While the original Autoformer implementation is in PyTorch, HuggingFace provides a TensorFlow version within its Transformers library. This allows for a more direct TensorFlow usage.

                        
import tensorflow as tf
import numpy as np
import pandas as pd
from transformers import TFAutoformerForPrediction, AutoformerConfig
import matplotlib.pyplot as plt

# 1. Generate sample data (similar to PyTorch example)
n_samples = 200
context_length = 96 # Length of input sequence for encoder
prediction_length = 24 # Length of sequence to predict
num_input_channels = 1 # Univariate time series

# Simulate past_values (e.g., a sine wave with noise and trend)
past_values_np = (np.sin(np.arange(context_length + prediction_length) / 10) * 10 +
                  np.arange(context_length + prediction_length) * 0.1 +
                  np.random.randn(context_length + prediction_length) * 2)
past_values_np = past_values_np.reshape(1, -1, num_input_channels) # (batch_size, seq_len, num_channels)
past_values = tf.constant(past_values_np[:, :context_length, :], dtype=tf.float32)

# Simulate future_values (for training/evaluation, not needed for inference)
future_values = tf.constant(past_values_np[:, context_length:, :], dtype=tf.float32)

# Simulate past_time_features (e.g., simple linear time index)
past_time_features = tf.constant(np.arange(context_length).reshape(1, -1, 1), dtype=tf.float32)
future_time_features = tf.constant(np.arange(context_length, context_length + prediction_length).reshape(1, -1, 1), dtype=tf.float32)

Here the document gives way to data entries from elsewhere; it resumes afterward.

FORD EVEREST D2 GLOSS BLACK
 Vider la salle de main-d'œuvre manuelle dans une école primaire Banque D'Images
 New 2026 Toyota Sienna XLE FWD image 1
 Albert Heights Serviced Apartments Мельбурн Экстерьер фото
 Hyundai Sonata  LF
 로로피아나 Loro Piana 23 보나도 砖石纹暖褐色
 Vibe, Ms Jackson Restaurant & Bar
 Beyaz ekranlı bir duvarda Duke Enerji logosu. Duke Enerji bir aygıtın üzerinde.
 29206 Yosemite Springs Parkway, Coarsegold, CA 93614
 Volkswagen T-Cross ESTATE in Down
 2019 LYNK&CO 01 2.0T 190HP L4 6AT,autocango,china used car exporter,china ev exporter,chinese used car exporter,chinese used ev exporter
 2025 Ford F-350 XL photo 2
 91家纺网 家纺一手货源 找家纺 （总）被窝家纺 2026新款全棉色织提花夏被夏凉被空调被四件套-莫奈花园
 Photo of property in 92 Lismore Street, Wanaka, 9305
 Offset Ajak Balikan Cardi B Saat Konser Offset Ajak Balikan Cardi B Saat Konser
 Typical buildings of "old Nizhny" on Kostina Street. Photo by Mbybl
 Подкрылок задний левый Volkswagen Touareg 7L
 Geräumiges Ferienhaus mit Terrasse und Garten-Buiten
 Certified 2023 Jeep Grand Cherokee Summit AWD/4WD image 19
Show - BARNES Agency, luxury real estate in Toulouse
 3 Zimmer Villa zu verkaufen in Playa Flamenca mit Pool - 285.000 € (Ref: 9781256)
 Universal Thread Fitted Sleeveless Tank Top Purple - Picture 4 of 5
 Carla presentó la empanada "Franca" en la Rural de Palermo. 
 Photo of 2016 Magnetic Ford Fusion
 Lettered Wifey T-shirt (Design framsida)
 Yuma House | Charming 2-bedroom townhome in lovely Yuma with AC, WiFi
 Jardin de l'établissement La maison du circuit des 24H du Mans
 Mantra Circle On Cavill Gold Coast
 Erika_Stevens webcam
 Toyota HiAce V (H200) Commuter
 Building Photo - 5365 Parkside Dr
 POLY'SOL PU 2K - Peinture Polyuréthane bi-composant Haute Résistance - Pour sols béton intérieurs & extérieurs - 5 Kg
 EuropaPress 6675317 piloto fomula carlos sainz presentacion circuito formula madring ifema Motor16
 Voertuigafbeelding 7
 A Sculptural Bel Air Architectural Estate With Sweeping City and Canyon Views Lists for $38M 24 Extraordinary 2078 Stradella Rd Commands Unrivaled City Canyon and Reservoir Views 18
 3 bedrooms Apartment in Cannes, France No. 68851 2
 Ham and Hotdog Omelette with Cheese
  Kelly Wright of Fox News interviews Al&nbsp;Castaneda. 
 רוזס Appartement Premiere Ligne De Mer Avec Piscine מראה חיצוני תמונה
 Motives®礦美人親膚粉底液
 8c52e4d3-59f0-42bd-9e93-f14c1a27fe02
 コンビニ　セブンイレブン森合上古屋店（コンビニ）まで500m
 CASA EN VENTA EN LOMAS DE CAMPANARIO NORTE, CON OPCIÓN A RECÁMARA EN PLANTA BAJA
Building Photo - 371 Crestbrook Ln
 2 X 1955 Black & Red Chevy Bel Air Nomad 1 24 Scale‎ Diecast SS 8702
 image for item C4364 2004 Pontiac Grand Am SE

# 2. Load a pre-trained Autoformer model (or initialize from scratch)
# For a real application, you might fine-tune on your data or train from scratch
# model = TFAutoformerForPrediction.from_pretrained("huggingface/autoformer-tourism-monthly") # Example pre-trained model
# Or initialize from config:
config = AutoformerConfig(
    context_length=context_length,
    prediction_length=prediction_length,
    num_input_channels=num_input_channels,
    lags_sequence=[1, 2, 3, 4, 5, 6, 7], # Default lags
    num_encoder_layers=2,
    num_decoder_layers=1,
    d_model=128,
    num_attention_heads=4,
    activation_function="gelu",
    dropout=0.1,
    attention_dropout=0.0,
    ffn_dim=512,
    scaling="mean", # or "std", "none"
    loss="mse", # or "nll" for probabilistic
    num_time_features=1, # For the time feature we created
)
model = TFAutoformerForPrediction(config)

# 3. Perform a forward pass (inference example)
outputs = model(
    past_values=past_values,
    past_time_features=past_time_features,
    future_time_features=future_time_features,
    # past_observed_mask=tf.ones_like(past_values, dtype=tf.bool)
)

forecast = outputs.predictions.numpy().squeeze()

# 4. Display the forecast (conceptual)
print("Autoformer TensorFlow (HuggingFace) model inference complete.")
print(f"Forecast shape: {forecast.shape}")
print(f"First 5 forecasted values: {forecast[:5]}")

# Plotting (conceptual)
# plt.figure(figsize=(14, 7))
# plt.plot(np.arange(context_length), past_values.numpy().squeeze(), label='Past Values')
# plt.plot(np.arange(context_length, context_length + prediction_length), future_values.numpy().squeeze(), label='Actual Future Values', color='orange')
# plt.plot(np.arange(context_length, context_length + prediction_length), forecast, label='Autoformer Forecast', linestyle='--', color='green')
# plt.title('Autoformer Time Series Forecast (TensorFlow)')
# plt.xlabel('Time Step')
# plt.ylabel('Value')
# plt.legend()
# plt.grid(True)
# plt.show()
                        

Dependencies & Resources

Dependencies: pandas, numpy, torch (for PyTorch examples), tensorflow (for TensorFlow examples), transformers (HuggingFace library), matplotlib (for plotting).